Prompt: Below are records with pictures. Reproduce exactly the lines from the line with "Yokohama Ice Guard IG55 295/40 R21" to the line with "Hells Canyon Grand", inclusive, and leave each picture out.

Records provided:
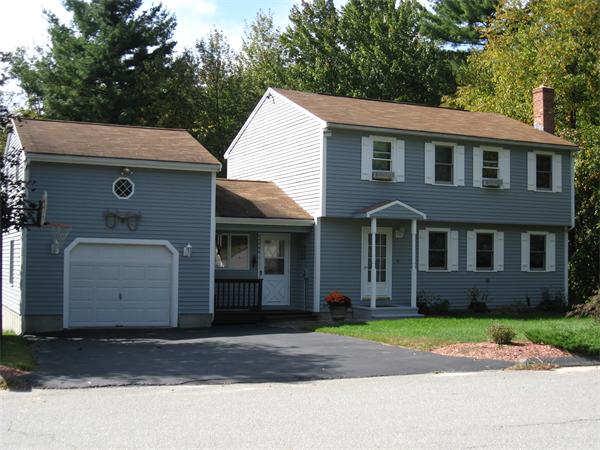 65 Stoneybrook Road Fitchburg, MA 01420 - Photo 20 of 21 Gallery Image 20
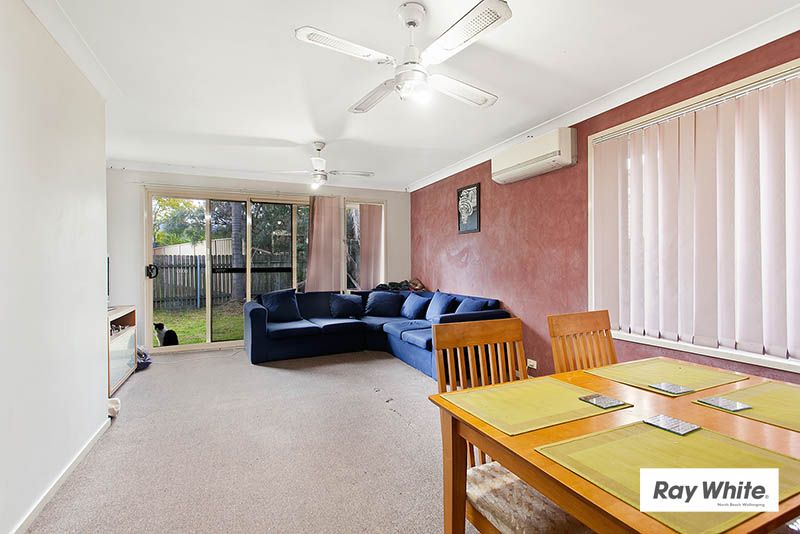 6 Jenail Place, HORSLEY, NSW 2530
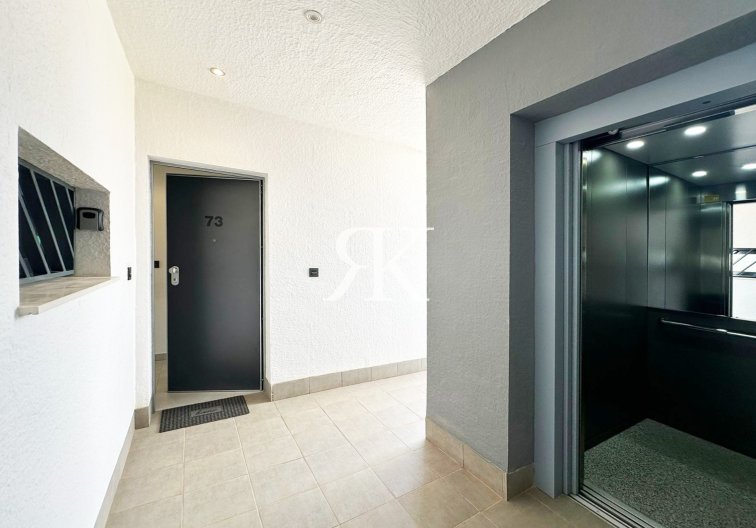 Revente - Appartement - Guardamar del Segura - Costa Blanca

* * *

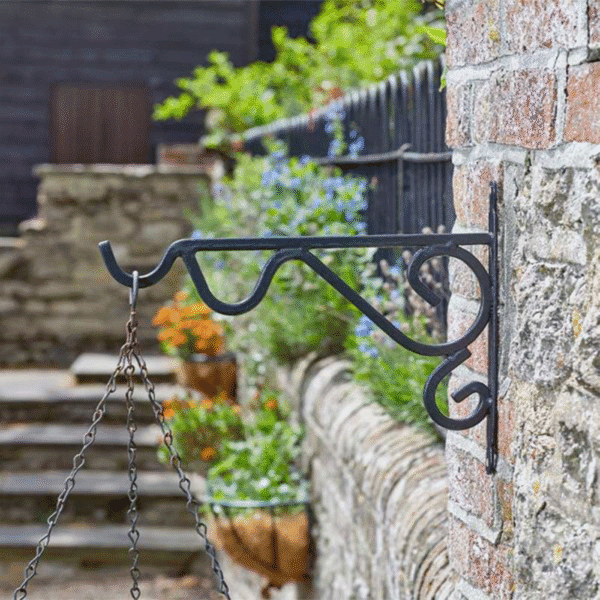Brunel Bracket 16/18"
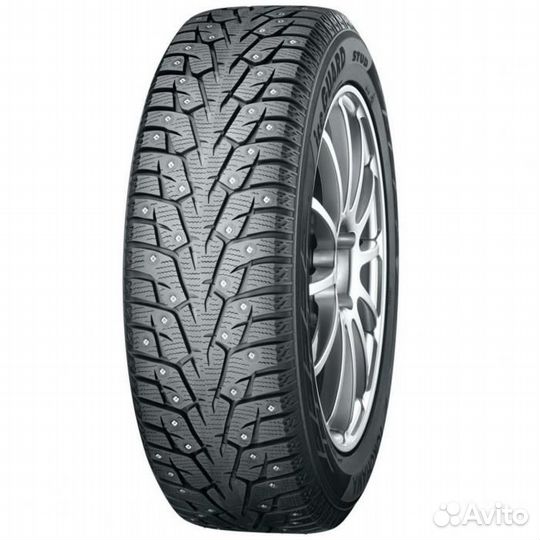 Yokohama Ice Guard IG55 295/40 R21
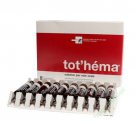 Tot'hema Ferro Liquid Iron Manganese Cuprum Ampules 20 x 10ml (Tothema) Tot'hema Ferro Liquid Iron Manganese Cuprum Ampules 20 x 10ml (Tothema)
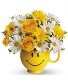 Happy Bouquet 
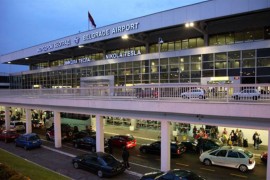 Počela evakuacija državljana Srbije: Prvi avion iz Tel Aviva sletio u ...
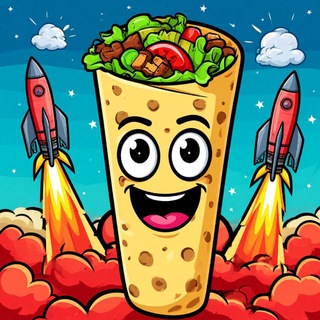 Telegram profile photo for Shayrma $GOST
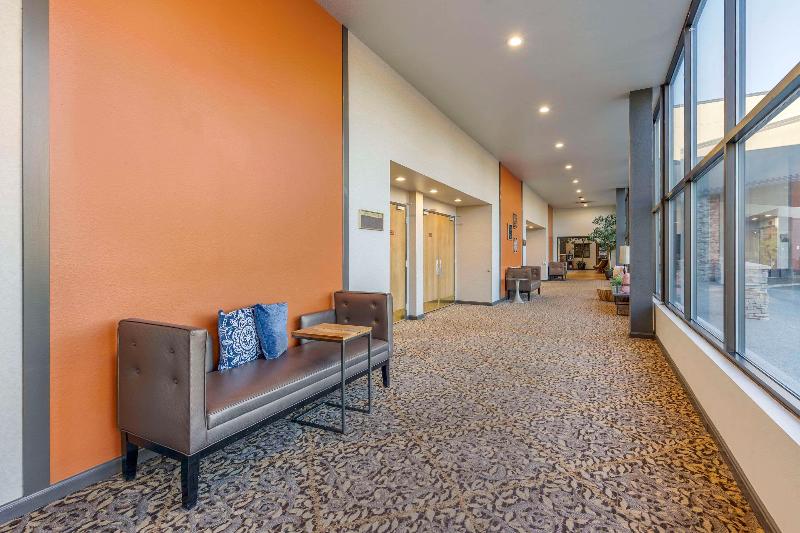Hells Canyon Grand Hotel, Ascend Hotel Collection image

Your response:
 Yokohama Ice Guard IG55 295/40 R21
 Tot'hema Ferro Liquid Iron Manganese Cuprum Ampules 20 x 10ml (Tothema) Tot'hema Ferro Liquid Iron Manganese Cuprum Ampules 20 x 10ml (Tothema)
 Happy Bouquet 
 Počela evakuacija državljana Srbije: Prvi avion iz Tel Aviva sletio u ...
 Telegram profile photo for Shayrma $GOST
Hells Canyon Grand Hotel, Ascend Hotel Collection image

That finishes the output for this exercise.